Among other things, this monograph is a history of the embodied experience of marginalization, of how the experience of arbitrary detentions and state violence is archived on people’s bodies and affects trans life experiences. Trans movements in Argentina have made the case on how the violence of these years will have long-term social effects on the trans population’s conditions of living When we think for example on the policies that criminalized what we today called gender affirmation practices, this intervention of the state forced people to seek experimental treatments abroad, to practice homemade treatments and to seek assistance in under markets which had a long-life effect on this community. I don’t believe that the Argentinean state abandoned trans people, all the opposite, our state actively produced precarious conditions undermining their lifes. Even if Argentina is a pioneer country in trans rights, legislation doesn’t translate to transformations of the material conditions of being. As trans activists and movements have shown, much social and state violence is still ongoing. The survivors of the worst years of persecution are advocating for some type of reparation for the long period of policies against them. Meanwhile, trans movements have also been advocating against ongoing discrimination in public spaces and for more inclusion in the workplace and integral healthcare services.

But as you say in your question, this book is not only focused on what the state interventions did but also how people have navigated the frontiers of gender and challenged these restrictions and social exclusion.
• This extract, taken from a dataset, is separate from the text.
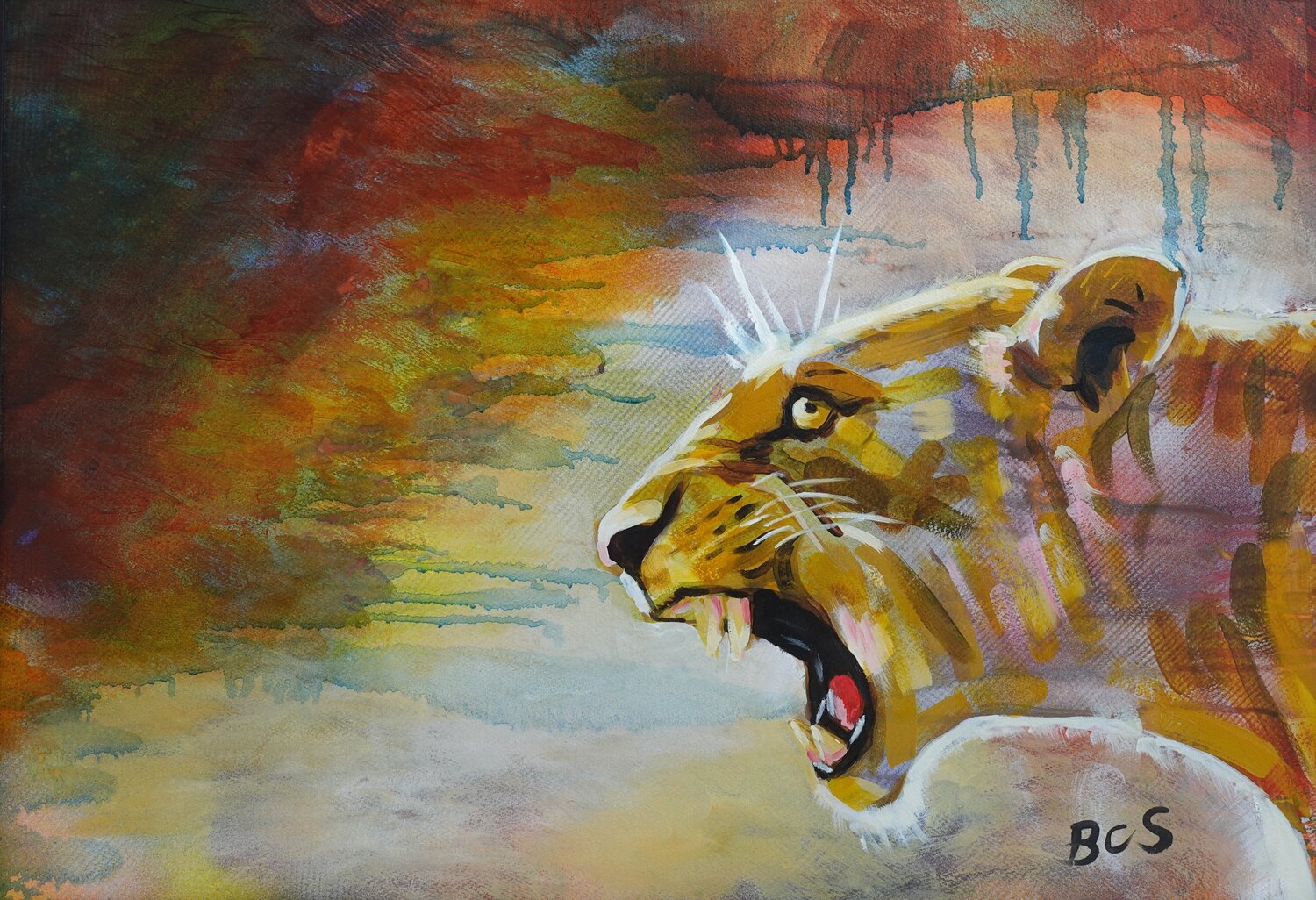 Wild Roar Barry Sears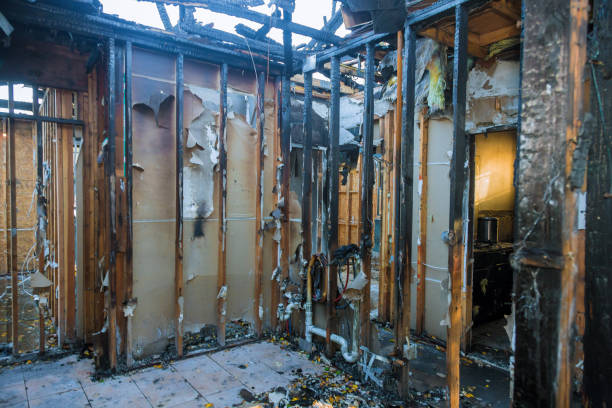 Professional Fire Damage Removal technician working in Signal Hill, CA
This monograph is about how people transgressing gender norms got to make themselves legible on their own terms, ranging a wide repertoire of social practices such as photography, forging documents, migration, friendship, and their everyday gender performance. This is a history of the many ways in which people get to make sense of themselves negotiating with others, but it is also about collective resistance practices, including collecting food and money for those who were turned in to police, organizing demonstrations, and creating new organizations to challenge discrimination.

At the end of the book, I try to think historically how the social resistance to gender policing led travestis, transexuals, and transgender movements to force the passing of groundbreaking legislation that drastically transformed the state: the gender identity law, which set the administrative decision of gender recognition on citizens. These movements has also recently pass new legislation fostering public employment quotas, that are now threatened by the new far-right libertarian administration. These pioneer legislations are result of the grassroot discussion about how gender discrimination materially impacts this marginalized population’s life conditions. The interesting thing about these new policies crafted by social movements is that they transform the ways in which the state defines a citizen’s gender and the ways it restores citizens’ sovereignty to decide how they want to be defined by the state and others on their own terms.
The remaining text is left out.